Sydney: Papua New Guinea’s (PNG) opposition has launched a legal challenge against the government’s decision to take asylum-seekers from Australia, saying refugees are held illegally in inhumane conditions.
Canberra has been sending boatpeople to PNG’s remote Manus Island, formerly used by Australia to process asylum-seekers under conservative ex-leader John Howard’s so-called “Pacific plan”, since late 2012.
In a statement received by AFP on Monday, PNG’s opposition leader Belden Namah said his lawyers had sent Prime Minister Peter O’Neill a summons to appear in court to defend the agreement, which he claims is unconstitutional.
“We challenge the right of the government to force people seeking refugee status in Australia to enter Papua New Guinea to be illegally and indefinitely detained under inhumane conditions,” Namah said.

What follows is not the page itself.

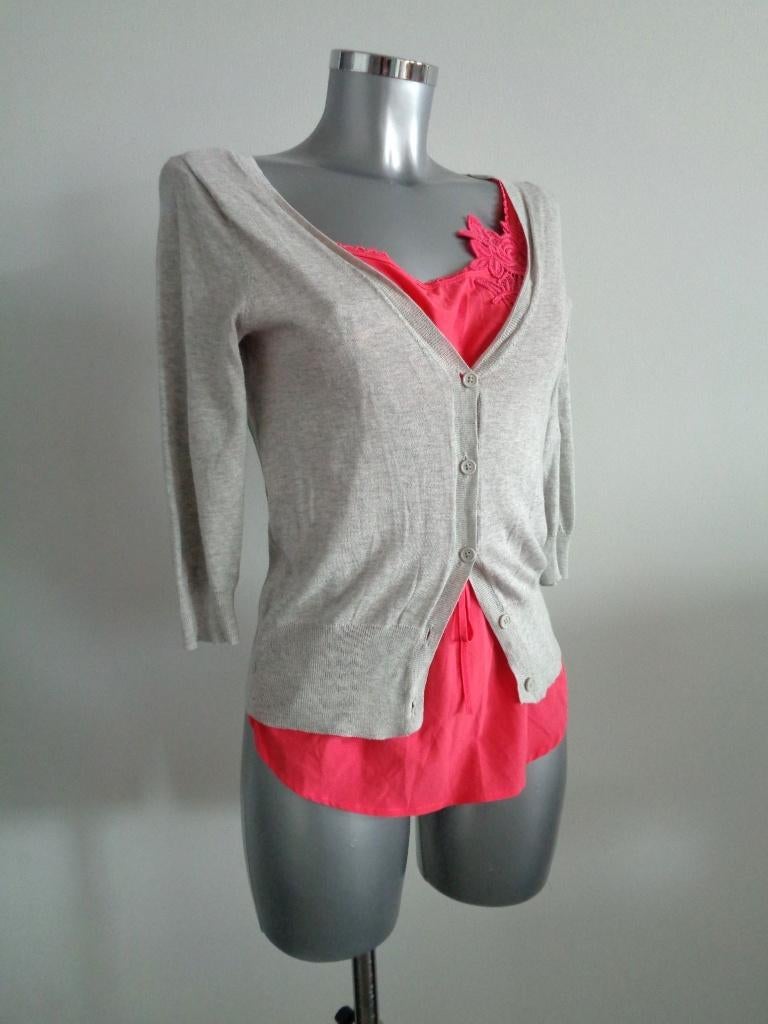 Kookai vest, maat small, katoen, grijs en cerise, Verzenden, Zo goed als nieuw, Lange mouw, Maat 36 (S)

“We challenge the right of the government to make this arrangement with the government of a foreign nation, again in contravention of our constitution.”
Namah said he would “take this matter as far as necessary to ensure that the values of our nation’s constitution are upheld”.
“We are filing injunctions to have the current detainees released, and to prevent the government from receiving or detaining any more asylum-seekers from Australia,” he said.
Australia last year decided to send asylum-seekers to Manus and the tiny Pacific state of Nauru in a bid to deter others from making the risky sea crossing from Indonesia, a route which has cost hundreds of lives in recent years.
Canberra insists all asylum-seekers sent offshore are treated humanely, but the settlement at Nauru has been criticised by rights group Amnesty as “appalling” and likely in breach of its obligations to refugees.
A spokesman for Australia’s immigration minister Chris Bowen said the latest issue was a matter for the PNG government.
“We are not going to comment or speculate on PNG politics,” the spokesman said.
The decision to send refugees offshore was made as the centre-left Labour government of Prime Minister Julia Gillard struggled to deal with an influx of asylum-seekers arriving by boat, with just over 17,200 arriving in 2012.
So far in 2013, 159 boatpeople have arrived on three separate vessels.